Do the dishes, give her oral sex, enjoy knowing you are enriching your lives even when times are tight. Normally this service is appreciated and returned. Happiness is what you make it. Sure it is tough worrying about the house but it's in jeopardy either way right? So continue to be frugal but work on being thankful, joyful, useful, pleasurable and happy.


----------



## TaDor

Had a pretty good Memorial weekend. But I did get sick going into the weekend, she got me well enough to go out to a concert we bought tickets for a few months back... Got me good enough to make it through the day. Not perfect, but I was as good as I was gonna be and we had a good time overall.

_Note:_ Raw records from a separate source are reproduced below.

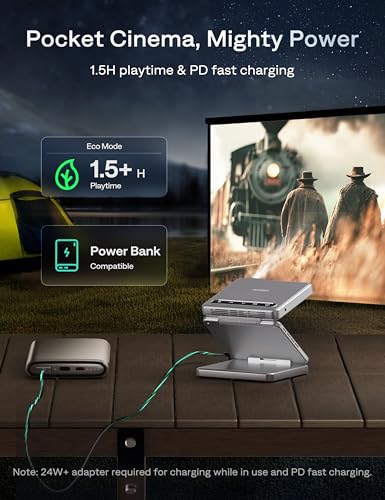 Image of Aurzen ZIP Tri-Fold DLP Portable Mini Projector with Bluetooth 5.4, Screen Mirroring, 5000mAh Battery, Type-C Fast Charging, Zero-Lag Focus&Keystone,720P Pico Projector,Built-in Stand, 20 inch-125 inch,White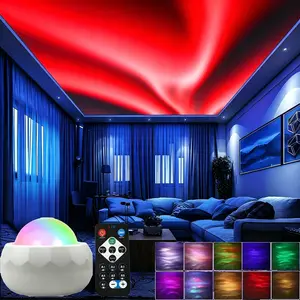 7 Color Remote Control 360° Auto Rotating Ambient Light White Aurora Black Water Wave Projector Light USB Powered Bedroom Party Decor Night Light Led Atmosphere Lamp
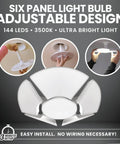 Hex Bulb 144 LED E26 Garage Light Six Panel Deformable Shop Ceiling Light installation and adjustable hex panels.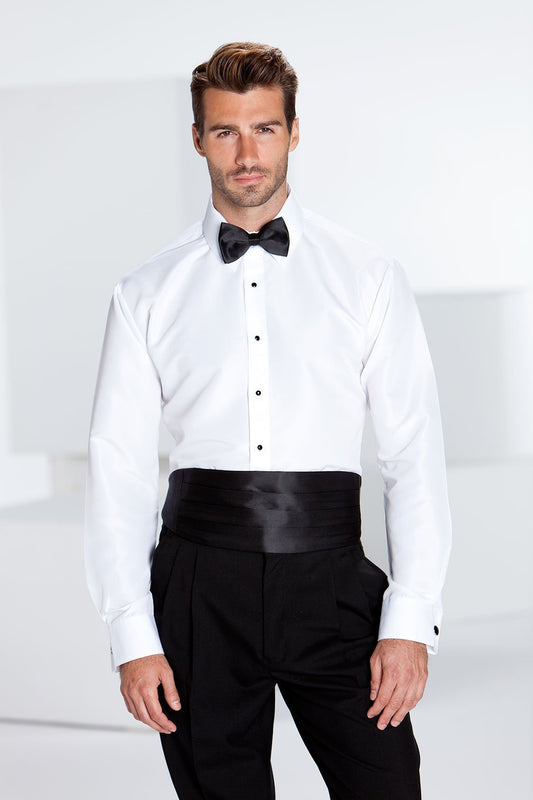 "Lido" White Laydown Tuxedo Slim Fit Shirt Tux-USA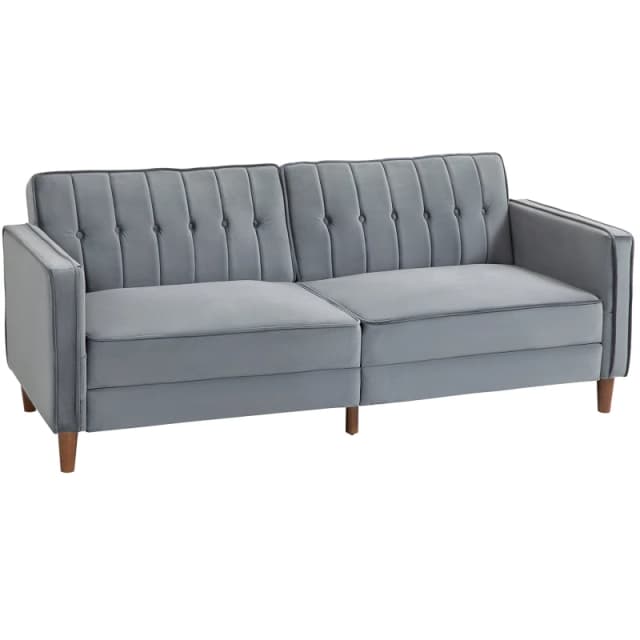 HOMCOM Convertible Sofa Futon Velvet-Touch Tufted Couch Sofa Bed Dark Grey TJ Hughes 5061025073818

We've been talking... still more to do. And will hope to see our MC in the next 2~3 weeks from now, depending on scheduling. Started a new job, its helping in some ways.


----------



## urf

TaDor said:


> Had a pretty good Memorial weekend. But I did get sick going into the weekend, she got me well enough to go out to a concert we bought tickets for a few months back... Got me good enough to make it through the day. Not perfect, but I was as good as I was gonna be and we had a good time overall.
> 
> We've been talking... still more to do. And will hope to see our MC in the next 2~3 weeks from now, depending on scheduling. Started a new job, its helping in some ways.



“Before enlightenment, chop wood, carry water. After enlightenment, chop wood, carry water.” Zen proverb. Chop wood, carry water, have a sip of tea and repeat! Oh those routine, mind numbing tasks such as folding laundry, doing dishes, sweeping floors, chopping vegetables and even chopping wood!.

All of life happens in that moment when your inhale becomes an exhale. See if you can find it.


----------



## TaDor

It didn't help that wife lost her job today because MY work schedule interfered with what her managers wanted, yet she's been working the same schedule for 6 months.
This has really screwed things up... we are both very bummed and pissed off.


----------